EIGHTEENTH SUNDAY IN ORDINARY TIME
We spend our entire lives as Christians seeking after Christ. What we rarely ask ourselves, though, is the purpose of our seeking; do we desire Christ because of the comfort he might be able to give us in our most difficult periods in life? Do we seek after him because of what we might be able to gain from being his follower in eternal salvation? Do we seek after him because we cannot bear the thought of an existence that ends in nothingness? Or do we emulate the great Saint Thomas Aquinas, who when asked by God what he desired more than anything, said, “Nothing but you, Lord”? If you are seeking after Christ, learn from the thousands of years of example laid out by the crowds during his public ministry, his disciples, the many misguided Christians over the past two millennia, and the great saints of the Church on what Christ desires for us as we desire him.
READ THIS SUNDAY'S MESSAGE
The sixth chapter of John is perhaps one of the most important parts of Scripture because it serves as a turning point in the story of salvation. No longer are we being prepared or taught about the idea of Christ; now, he presents himself fully, first in the miracle of the multiplication of the loaves and then in the passages that begin in this Sunday’s Gospel, which we call the Bread of Life discourse. Christ’s identity is the Son of God offering himself entirely to the world, yet no one understood that at this point in his public ministry. Instead, they rightly saw him as the Messiah, the Savior of God’s chosen people, but had formed an idea of this figure as a military or a political leader whose aim was to rid his people of the Romans occupying the Holy Land. Just as it is in the personal lives of all Christians, Christ is being pursued by everyone in this scene; interestingly, he runs away from them because they misunderstood his mission and his identity. The crowds rightly identified him as the Messiah because his miracle of the multiplication of the loaves pointed to the miracle of Manna in the desert when the Israelites were escaping Egypt. In this miracle, the crowds realized they were witnesses to a new Moses who came to offer them relief and nourishment. Christ, though, challenges them: they may have been seeking him out, but they were only seeking him out because of “food that perishes”. He instead came to offer them the Bread of Life.

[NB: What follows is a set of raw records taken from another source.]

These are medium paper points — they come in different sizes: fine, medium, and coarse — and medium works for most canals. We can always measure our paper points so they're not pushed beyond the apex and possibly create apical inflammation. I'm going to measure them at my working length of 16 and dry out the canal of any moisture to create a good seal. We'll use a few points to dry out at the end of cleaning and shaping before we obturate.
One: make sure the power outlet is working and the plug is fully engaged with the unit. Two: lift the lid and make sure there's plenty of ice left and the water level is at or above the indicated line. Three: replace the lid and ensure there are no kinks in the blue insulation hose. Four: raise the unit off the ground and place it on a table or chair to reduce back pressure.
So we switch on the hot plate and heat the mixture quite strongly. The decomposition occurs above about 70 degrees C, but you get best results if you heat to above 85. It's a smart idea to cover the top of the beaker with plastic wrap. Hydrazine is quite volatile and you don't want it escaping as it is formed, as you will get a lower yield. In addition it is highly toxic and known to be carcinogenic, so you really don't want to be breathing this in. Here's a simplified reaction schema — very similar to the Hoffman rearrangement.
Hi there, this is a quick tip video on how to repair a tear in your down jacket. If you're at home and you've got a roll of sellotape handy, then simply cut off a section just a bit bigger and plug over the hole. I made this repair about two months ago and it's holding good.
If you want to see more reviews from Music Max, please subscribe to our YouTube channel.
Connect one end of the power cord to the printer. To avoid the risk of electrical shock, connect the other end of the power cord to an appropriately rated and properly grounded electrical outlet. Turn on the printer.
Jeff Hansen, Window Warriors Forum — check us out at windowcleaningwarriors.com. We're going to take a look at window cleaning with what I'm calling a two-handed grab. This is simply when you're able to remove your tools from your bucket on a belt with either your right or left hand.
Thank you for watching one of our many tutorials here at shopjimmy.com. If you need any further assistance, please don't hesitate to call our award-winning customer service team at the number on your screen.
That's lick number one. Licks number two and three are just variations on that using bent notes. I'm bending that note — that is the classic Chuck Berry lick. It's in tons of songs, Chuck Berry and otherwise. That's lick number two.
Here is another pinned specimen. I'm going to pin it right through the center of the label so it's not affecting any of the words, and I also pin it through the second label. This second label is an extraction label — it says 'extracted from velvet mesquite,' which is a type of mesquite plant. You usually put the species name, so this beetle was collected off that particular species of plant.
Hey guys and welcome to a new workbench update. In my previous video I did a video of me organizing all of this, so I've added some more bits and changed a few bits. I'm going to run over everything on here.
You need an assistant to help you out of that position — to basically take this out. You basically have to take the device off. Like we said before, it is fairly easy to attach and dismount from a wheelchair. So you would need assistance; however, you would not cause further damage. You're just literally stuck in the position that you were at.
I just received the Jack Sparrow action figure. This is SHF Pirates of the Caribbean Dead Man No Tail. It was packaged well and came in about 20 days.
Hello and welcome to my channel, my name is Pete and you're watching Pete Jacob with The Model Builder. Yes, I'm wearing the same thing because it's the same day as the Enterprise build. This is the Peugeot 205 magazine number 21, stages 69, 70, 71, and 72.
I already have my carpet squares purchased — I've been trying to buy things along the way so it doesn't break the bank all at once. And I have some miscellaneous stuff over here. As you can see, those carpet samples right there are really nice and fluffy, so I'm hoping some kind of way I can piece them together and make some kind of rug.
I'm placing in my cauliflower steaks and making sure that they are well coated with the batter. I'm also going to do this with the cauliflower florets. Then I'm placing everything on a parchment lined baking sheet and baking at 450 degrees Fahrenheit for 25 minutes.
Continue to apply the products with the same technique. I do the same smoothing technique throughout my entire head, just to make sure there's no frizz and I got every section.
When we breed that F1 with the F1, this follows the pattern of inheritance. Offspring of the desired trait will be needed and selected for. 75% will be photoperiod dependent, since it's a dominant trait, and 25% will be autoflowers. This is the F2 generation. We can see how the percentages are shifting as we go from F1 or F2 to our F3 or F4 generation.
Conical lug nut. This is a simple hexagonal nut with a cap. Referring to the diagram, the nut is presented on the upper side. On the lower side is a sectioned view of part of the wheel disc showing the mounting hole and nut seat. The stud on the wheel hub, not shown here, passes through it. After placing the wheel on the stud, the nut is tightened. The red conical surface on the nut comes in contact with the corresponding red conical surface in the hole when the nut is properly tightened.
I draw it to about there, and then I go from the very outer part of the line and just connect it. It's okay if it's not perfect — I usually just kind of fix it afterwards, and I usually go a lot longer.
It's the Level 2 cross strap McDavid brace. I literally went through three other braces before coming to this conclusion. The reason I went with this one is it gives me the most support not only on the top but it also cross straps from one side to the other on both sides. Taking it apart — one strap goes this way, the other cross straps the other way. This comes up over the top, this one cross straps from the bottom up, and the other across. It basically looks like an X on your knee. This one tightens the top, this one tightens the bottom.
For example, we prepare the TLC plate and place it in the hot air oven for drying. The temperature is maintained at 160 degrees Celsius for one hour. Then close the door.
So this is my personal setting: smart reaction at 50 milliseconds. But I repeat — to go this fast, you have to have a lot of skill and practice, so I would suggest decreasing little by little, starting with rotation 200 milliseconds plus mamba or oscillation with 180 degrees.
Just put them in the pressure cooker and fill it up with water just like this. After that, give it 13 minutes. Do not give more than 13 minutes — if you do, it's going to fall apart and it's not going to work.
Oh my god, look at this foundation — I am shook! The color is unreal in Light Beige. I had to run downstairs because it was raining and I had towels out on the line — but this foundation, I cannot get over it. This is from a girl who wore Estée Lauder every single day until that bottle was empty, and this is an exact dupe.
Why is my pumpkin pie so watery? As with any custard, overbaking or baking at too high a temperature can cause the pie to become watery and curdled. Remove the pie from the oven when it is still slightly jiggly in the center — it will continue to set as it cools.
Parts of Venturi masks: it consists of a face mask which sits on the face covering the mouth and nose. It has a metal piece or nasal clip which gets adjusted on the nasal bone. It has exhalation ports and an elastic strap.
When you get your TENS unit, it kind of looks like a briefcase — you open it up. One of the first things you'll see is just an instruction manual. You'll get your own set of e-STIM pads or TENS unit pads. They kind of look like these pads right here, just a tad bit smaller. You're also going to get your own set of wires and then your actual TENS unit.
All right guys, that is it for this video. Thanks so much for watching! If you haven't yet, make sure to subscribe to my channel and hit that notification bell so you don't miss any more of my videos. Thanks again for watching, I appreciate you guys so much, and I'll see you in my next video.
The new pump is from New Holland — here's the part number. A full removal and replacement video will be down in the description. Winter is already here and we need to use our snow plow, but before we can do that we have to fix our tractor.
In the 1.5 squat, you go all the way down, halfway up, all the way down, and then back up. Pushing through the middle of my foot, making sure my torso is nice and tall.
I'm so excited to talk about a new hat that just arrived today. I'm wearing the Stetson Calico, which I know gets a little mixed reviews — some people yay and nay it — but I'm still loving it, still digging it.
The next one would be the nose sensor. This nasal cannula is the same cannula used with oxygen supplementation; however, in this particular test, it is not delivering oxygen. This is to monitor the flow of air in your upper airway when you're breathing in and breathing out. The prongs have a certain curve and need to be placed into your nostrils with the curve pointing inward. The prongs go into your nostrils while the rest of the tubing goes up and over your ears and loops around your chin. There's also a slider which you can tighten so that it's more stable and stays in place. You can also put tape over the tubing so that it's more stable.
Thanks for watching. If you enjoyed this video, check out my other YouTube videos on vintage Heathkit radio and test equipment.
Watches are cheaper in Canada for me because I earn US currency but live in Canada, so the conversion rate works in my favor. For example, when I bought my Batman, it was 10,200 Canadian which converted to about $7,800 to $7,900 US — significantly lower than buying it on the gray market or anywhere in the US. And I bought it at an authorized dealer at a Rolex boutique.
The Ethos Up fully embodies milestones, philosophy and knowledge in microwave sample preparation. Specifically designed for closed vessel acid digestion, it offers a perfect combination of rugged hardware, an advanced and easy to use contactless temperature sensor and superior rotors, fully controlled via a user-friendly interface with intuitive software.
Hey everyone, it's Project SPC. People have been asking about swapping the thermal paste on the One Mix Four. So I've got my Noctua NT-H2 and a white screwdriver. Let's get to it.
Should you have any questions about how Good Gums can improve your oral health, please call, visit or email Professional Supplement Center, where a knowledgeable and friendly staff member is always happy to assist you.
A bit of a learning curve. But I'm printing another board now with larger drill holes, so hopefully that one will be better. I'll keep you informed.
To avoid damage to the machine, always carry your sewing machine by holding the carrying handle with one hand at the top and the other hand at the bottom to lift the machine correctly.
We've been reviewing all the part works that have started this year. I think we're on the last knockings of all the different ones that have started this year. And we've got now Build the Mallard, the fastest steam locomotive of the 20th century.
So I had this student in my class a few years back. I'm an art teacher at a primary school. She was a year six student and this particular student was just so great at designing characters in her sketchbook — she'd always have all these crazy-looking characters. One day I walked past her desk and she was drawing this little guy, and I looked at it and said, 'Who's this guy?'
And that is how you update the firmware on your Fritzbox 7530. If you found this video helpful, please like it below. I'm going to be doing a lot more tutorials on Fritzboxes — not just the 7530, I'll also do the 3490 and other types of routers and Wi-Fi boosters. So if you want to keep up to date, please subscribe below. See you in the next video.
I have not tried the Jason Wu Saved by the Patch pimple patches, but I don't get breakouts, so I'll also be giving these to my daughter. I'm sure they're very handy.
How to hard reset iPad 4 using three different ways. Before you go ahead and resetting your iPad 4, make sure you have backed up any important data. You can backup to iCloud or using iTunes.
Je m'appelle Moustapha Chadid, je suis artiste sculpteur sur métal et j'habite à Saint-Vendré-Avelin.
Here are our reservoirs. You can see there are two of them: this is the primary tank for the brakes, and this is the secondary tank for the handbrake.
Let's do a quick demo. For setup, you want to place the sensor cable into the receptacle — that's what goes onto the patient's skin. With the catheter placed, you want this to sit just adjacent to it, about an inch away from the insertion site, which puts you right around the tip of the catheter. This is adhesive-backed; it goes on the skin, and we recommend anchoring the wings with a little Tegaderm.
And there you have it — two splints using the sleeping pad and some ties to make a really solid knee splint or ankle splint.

We are not sure what exactly the substance of Manna was, and neither did the Israelites. In fact, the name is a transliteration of the literal Hebrew question ma meaning “what” and na meaning “this”, or “what is this?” Ironically, most Christians today treat the Eucharist the same way. As we go through the rest of this chapter, we come to realize just how crucial the Eucharist is to the expression of Christianity, as the real flesh and blood of Jesus Christ; instead, many Christians see it as symbolic only. Just as it is with the crowds in the Gospel, they go after Christ with an interior understanding of who he might be for them, while misidentifying precisely who he came to be for us, namely the bread of life. Only the Eucharist, the great Mystery of Christianity and the Source and Summit of our faith, can ensure us that we are not misidentifying Christ. What we receive is not merely a gift, or a transactional reward for our faithfulness. Rather, it is Christ in his entirety. Only this Bread from Heaven gives us Christ wholly and sincerely. Instead of being like the Israelites and the crowds looking at this bread and asking “what is this?”, we should instead receive the Eucharist with the same intentionality as Aquinas, that we are seeking after him for no other reason than to receive him alone.